» PROBLEM TO SOLVE
Your task is to return, word for word, only the lines from the line with "3364 COVERED BRIDGE" through the close of the data. Exclude all pictures.

Pictures with short captions
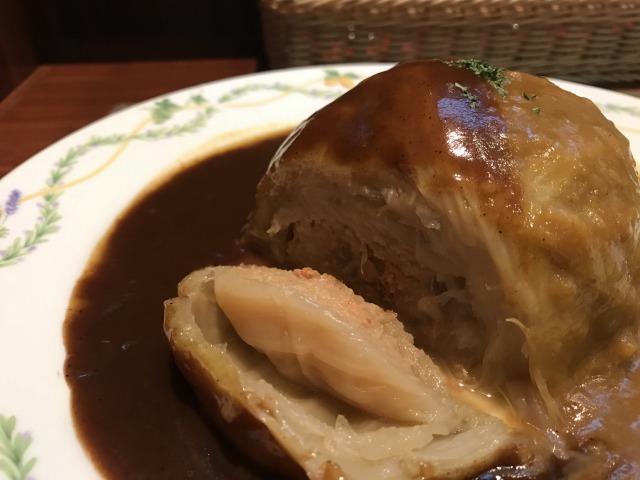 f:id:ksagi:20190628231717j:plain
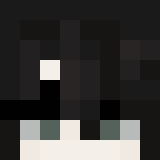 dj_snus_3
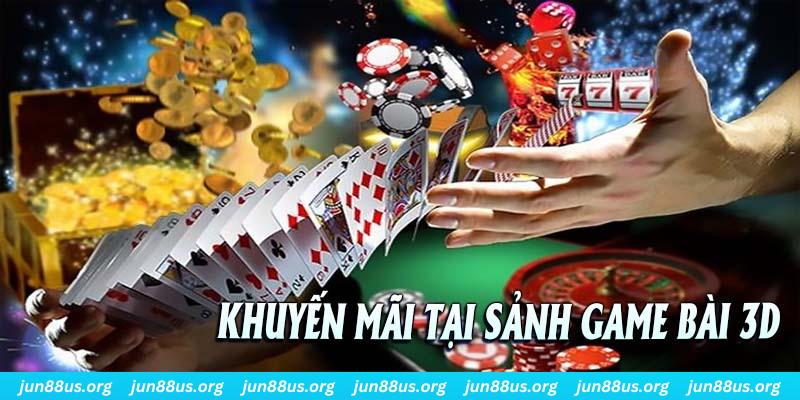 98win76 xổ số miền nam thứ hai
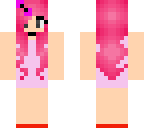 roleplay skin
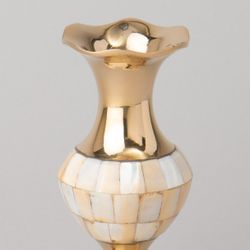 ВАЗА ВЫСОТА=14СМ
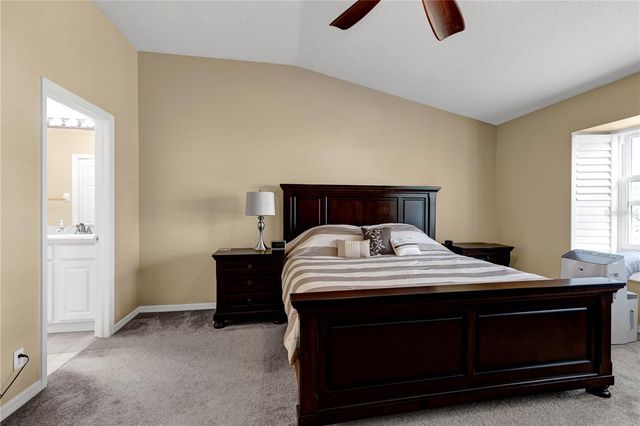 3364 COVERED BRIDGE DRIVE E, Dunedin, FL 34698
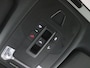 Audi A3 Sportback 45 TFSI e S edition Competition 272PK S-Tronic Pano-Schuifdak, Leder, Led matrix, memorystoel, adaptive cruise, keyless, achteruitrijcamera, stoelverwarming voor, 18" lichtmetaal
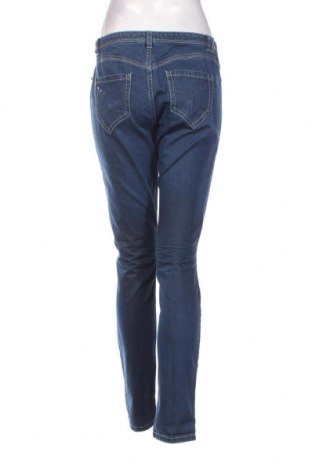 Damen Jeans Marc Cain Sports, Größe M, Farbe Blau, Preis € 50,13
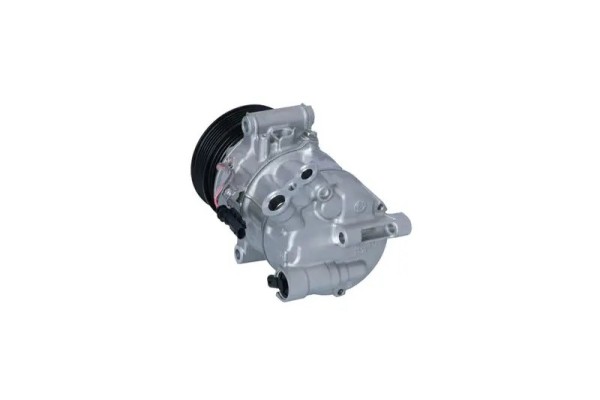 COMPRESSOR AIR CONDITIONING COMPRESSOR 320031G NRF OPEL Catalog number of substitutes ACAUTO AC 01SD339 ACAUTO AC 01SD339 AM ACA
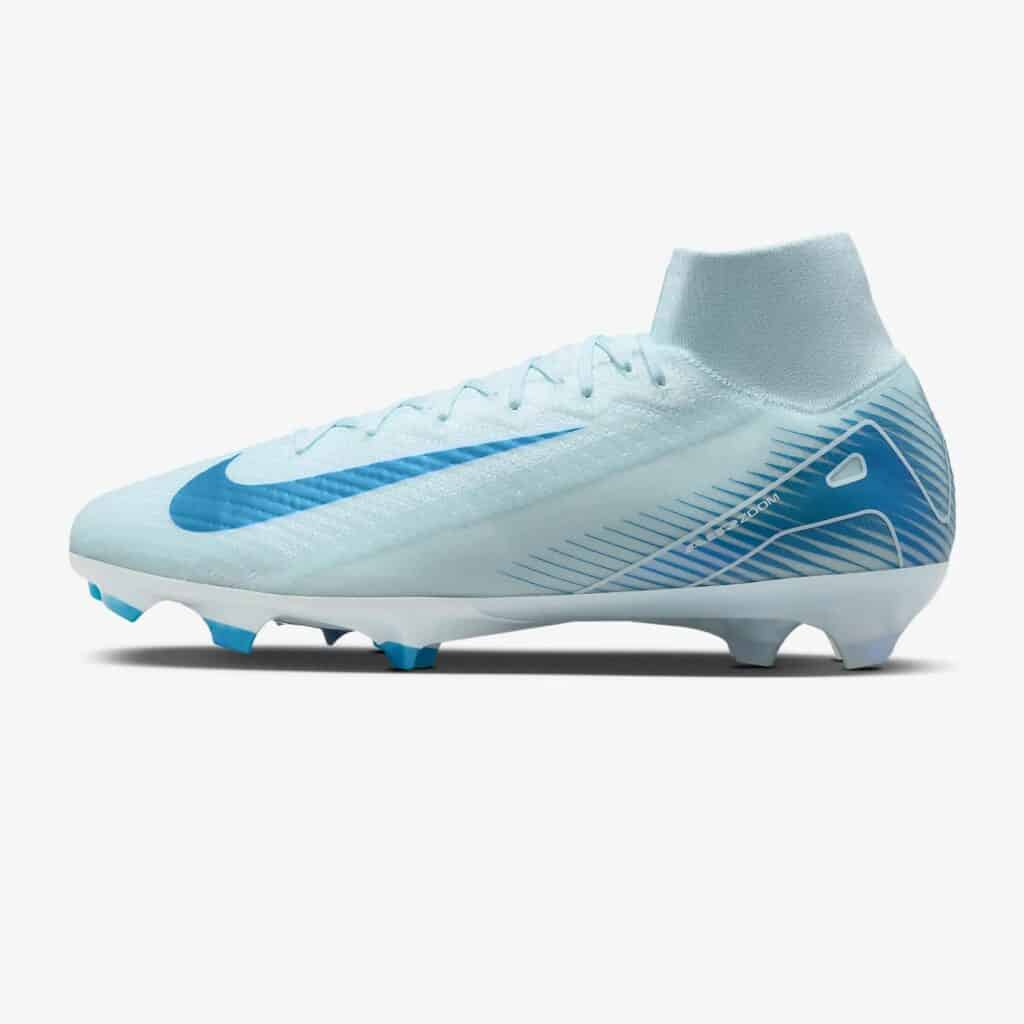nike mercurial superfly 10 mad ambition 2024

» EXERCISE SOLUTION
 3364 COVERED BRIDGE DRIVE E, Dunedin, FL 34698
 Audi A3 Sportback 45 TFSI e S edition Competition 272PK S-Tronic Pano-Schuifdak, Leder, Led matrix, memorystoel, adaptive cruise, keyless, achteruitrijcamera, stoelverwarming voor, 18" lichtmetaal
 Damen Jeans Marc Cain Sports, Größe M, Farbe Blau, Preis € 50,13
 COMPRESSOR AIR CONDITIONING COMPRESSOR 320031G NRF OPEL Catalog number of substitutes ACAUTO AC 01SD339 ACAUTO AC 01SD339 AM ACA
nike mercurial superfly 10 mad ambition 2024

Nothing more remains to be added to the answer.